La répartition des tâches accomplies par le salarié licencié entre les salariés demeurés dans l'entreprise correspond à une suppression de l'emploi ; il ressort des attestations de monsieur A...et de monsieur B...que ces deux salariés se sont vu confier des tâches qui étaient accomplies par monsieur Julien X...avant son licenciement, ce qui démontre que le poste qu'il occupait n'a pas été maintenu dans l'entreprise.
Monsieur Julien X...invoque également l'inobservation, par son employeur de l'obligation de reclassement, moyen sur lequel les parties se sont peu expliquées mais qui, se trouve nécessairement dans tout débat sur le licenciement pour motif économique.
Dans le cadre de son obligation de reclassement, obligation de moyens, il appartient à l'employeur de rechercher s'il existe des possibilités de reclassement et de proposer au salarié dont le licenciement est envisagé, des emplois disponibles de même catégorie, ou, à défaut, de catégorie inférieure, fut-ce par voie de modification des contrats de travail ; si l'exécution de cette obligation par l'employeur doit être appréciée en fonction des moyens dont dispose l'entreprise encore faut-il que celui-ci démontre qu'il a effectivement recherché une possibilité de reclassement pour son salarié sans se borner à affirmer qu'il n'y avait pas de possibilités de reclassement.

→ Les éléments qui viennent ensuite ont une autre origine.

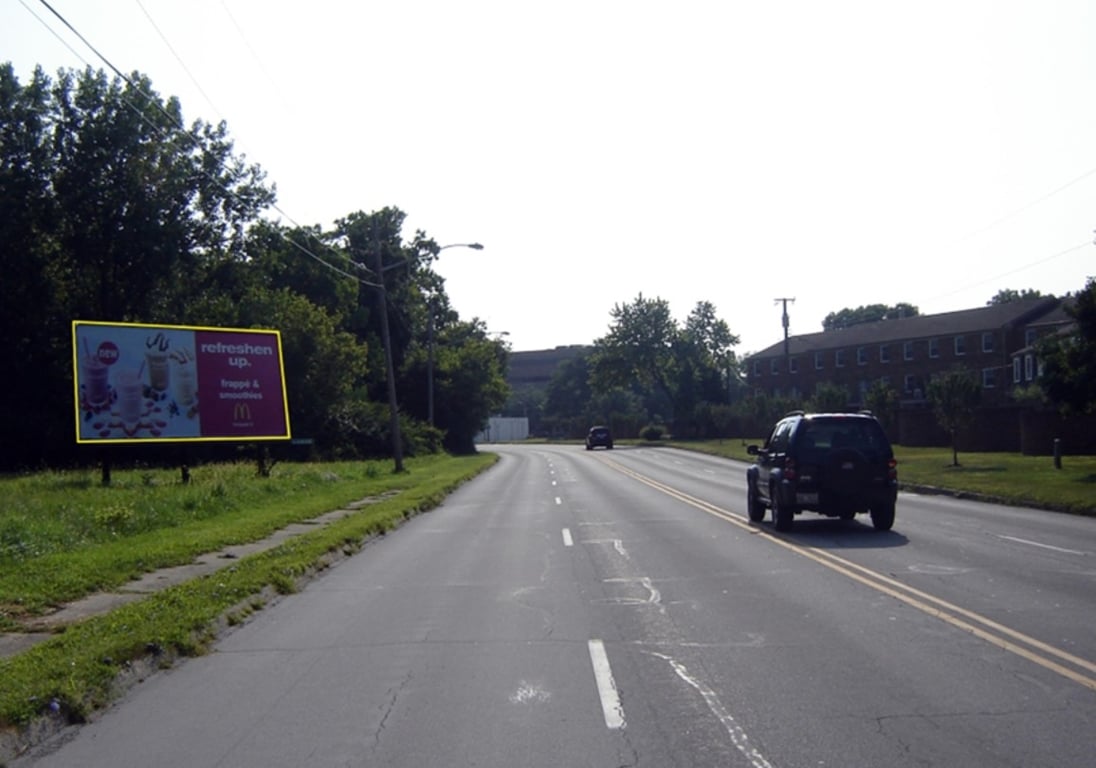 Location photo for Springfield St near Northcliff @ Courtney (Dayton)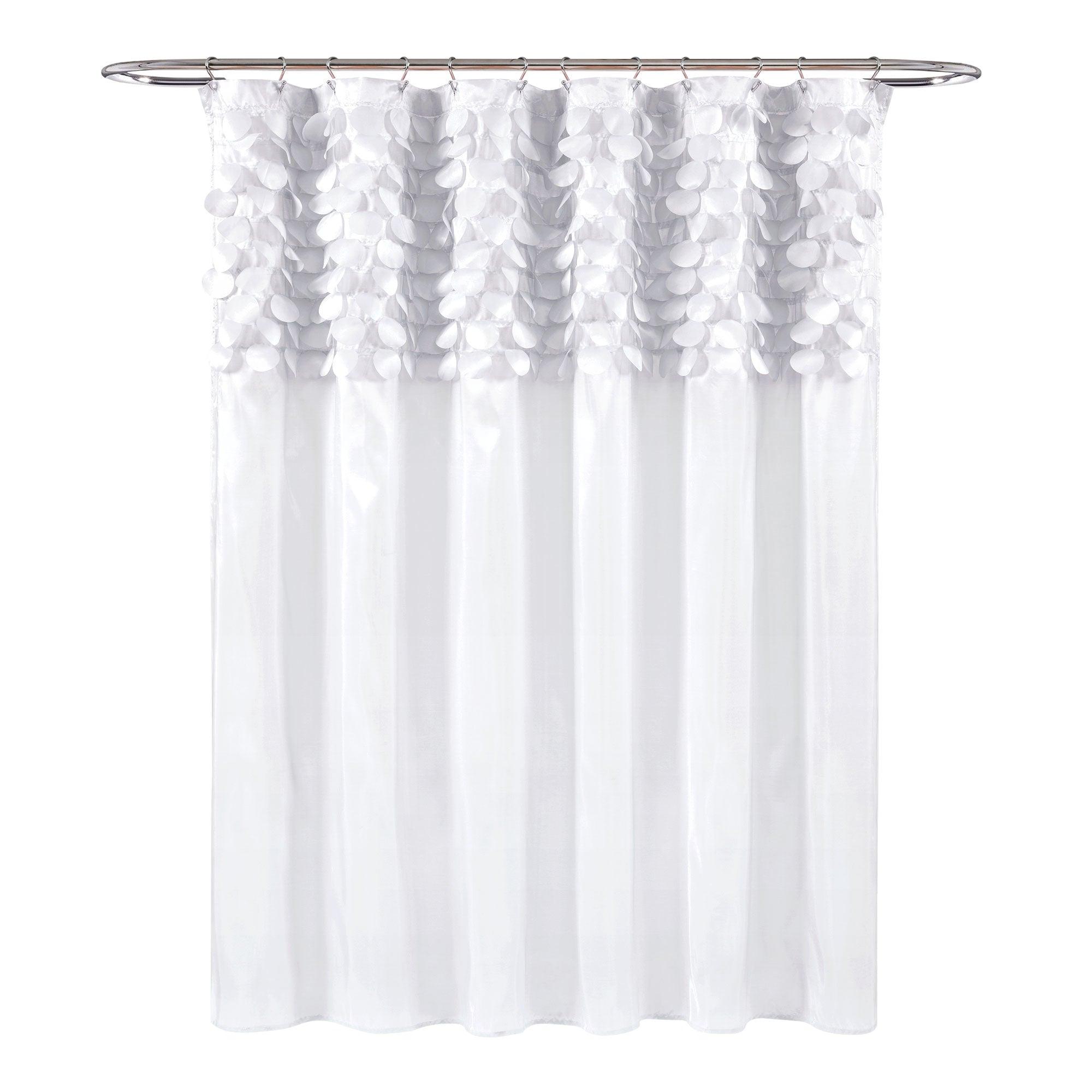 Lillian Shower Curtain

La société Domaine vinicole de Chaintres se montre défaillante à rapporter la preuve qu'elle a procédé loyalement à cette recherche de reclassement avant d'envisager de licencier monsieur Julien X....
Il s'en déduit que le licenciement pour motif économique est dépourvu de cause réelle et sérieuse.
S'agissant d'une entreprise qui emploie moins de 11 salariés, l'indemnité qui sera allouée à monsieur Julien X...pour réparer le dommage consécutif au licenciement abusif sera fixée, par application de l'article L. 1235-5 du code du travail, en considération du préjudice subi.
En l'état des pièces versées par monsieur Julien X...pour établir la réalité et l'importance de son préjudice l'indemnité sera fixée à 8 000 euros.
La société Domaine vinicole de Chaintres qui succombe à l'action, en supportera les dépens.
PAR CES MOTIFS
LA COUR
Statuant publiquement, par arrêt contradictoire,
INFIRME le jugement en toutes ses dispositions,
Statuant à nouveau,
JUGE que le licenciement pour motif économique de monsieur Julien X...est sans cause réelle et sérieuse,
CONDAMNE la société Domaine vinicole de Chaintres à payer à monsieur Julien X...la somme de 8 000 euros à titre d'indemnité pour licenciement sans cause réelle et sérieuse avec intérêts au taux légal à compter du présent arrêt,
CONDAMNE la société Domaine vinicole de Chaintres à payer à monsieur Julien X...la somme de 1 000 euros en application des dispositions de l'article 700 du code de procédure civile,
REJETTE la même demande présentée par la société Domaine vinicole de Chaintres,
CONDAMNE la société Domaine vinicole de Chaintres aux dépens de première instance et d'appel.
y ajoutant,
REJETTE la demande de la société Domaine Vinicole de Chaintres en application des dispositions de l'article 700 du code de procédure civile,
CONDAMNE la société Domaine Vinicole de Chaintres aux dépens d'appel.